During the past four years housing costs have more than doubled and are now starting to fall back towards more reasonable levels. In February of 2022 the London & St. Thomas Real Estate Board reported a high average sale price of about $832,000. That value has dropped back to around $593,000 in November of 2023 – an astounding drop of 29%.
One should be mindful however that the Canadian real estate market has been overpriced for many years, in 2013 the IMF estimated that the Canadian real estate market was overvalued by a staggering 60%. Housing costs are not only reflected in the sale price of properties but also in the cost of rentals, which have also increased substantially.
Unlike house prices, rental prices are less likely to decrease because many landlords have been saddled with exorbitant mortgage costs. Landlords, particularly smaller private landlords, often fall prey to Landlord and Tenant tribunals that allow non-paying tenants to remain in rental accommodations way past their expiry date. The landlord has no choice but to provide rent free accommodations for months, if not years.
Mortgage rules in Canada allow lenders to continually renegotiate mortgage loans, changing interest rates over and over again. A better model is one in which the rate set at the beginning of the funding is the rate that prevails throughout the full life of the mortgage. Unfortunately, the current rules have trapped many Canadians in a foreseeable debt bubble.

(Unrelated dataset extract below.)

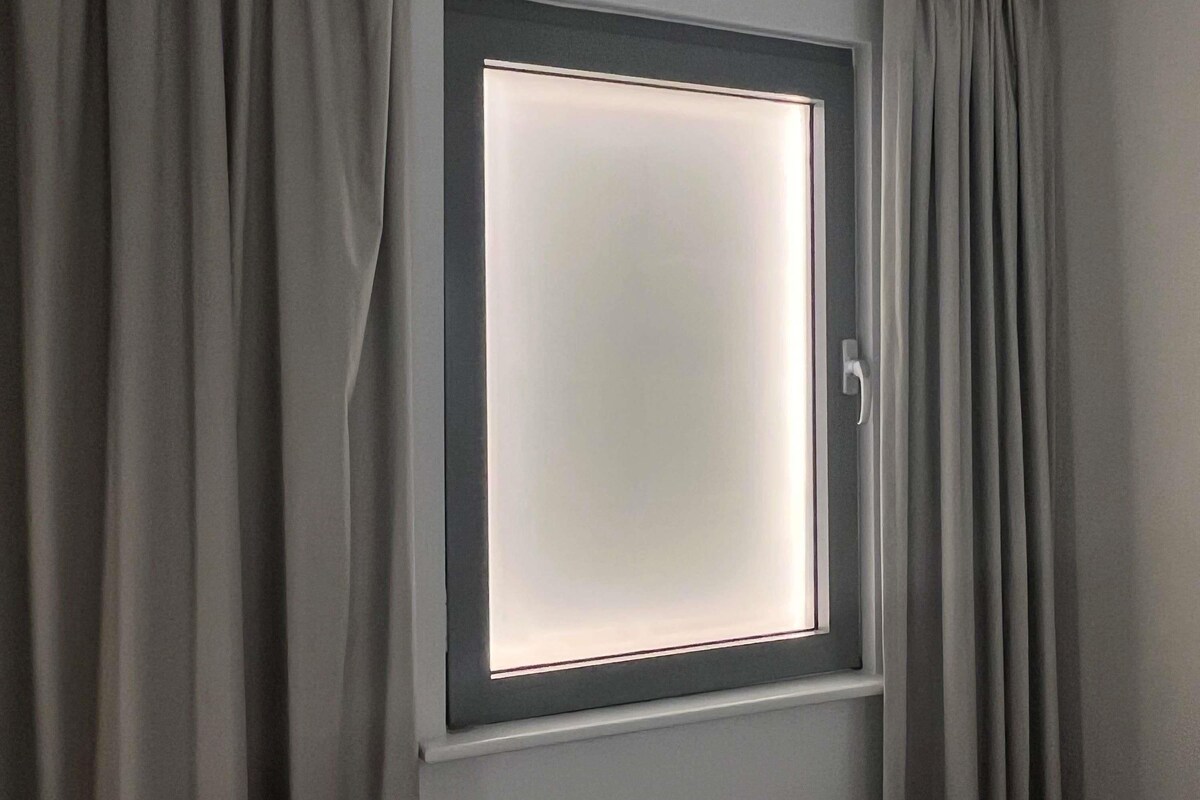 A window with a frosted glass pane and a handle, framed by curtains.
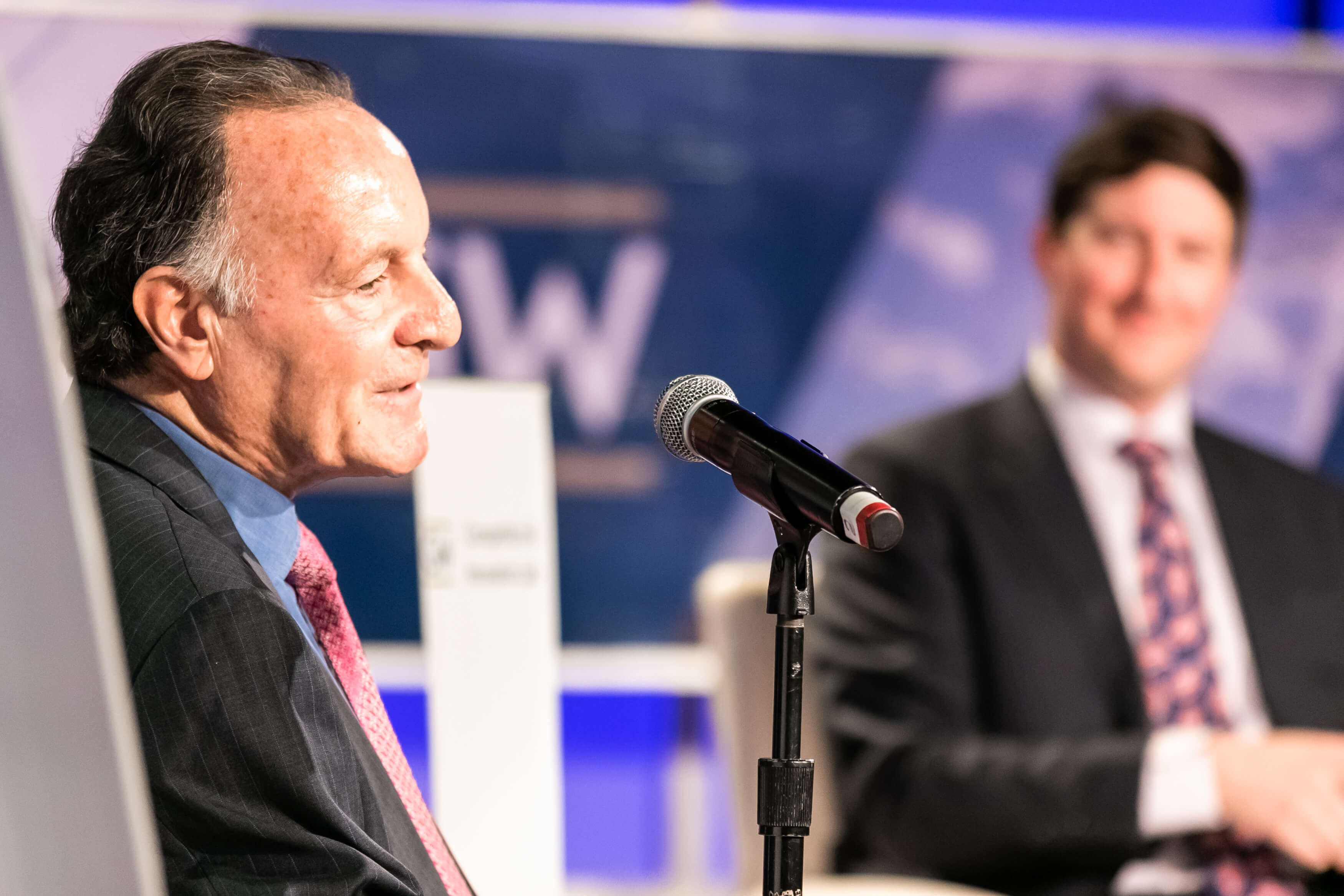 Aurelien Portuese speaks on stage with FTC commissioner, Mark Meador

Housing costs are not counted as a part of the basket of goods used to determine inflationary levels, neither are transportation or food costs. If these costs were considered the inflation rate would surely be well above 60%. The biggest housing cost challenge facing Canadians today is not interest rates, or even rental costs, it is low income. Very few Canadians have income levels that have kept pace with inflation, and excessive taxation is draining those precarious resources.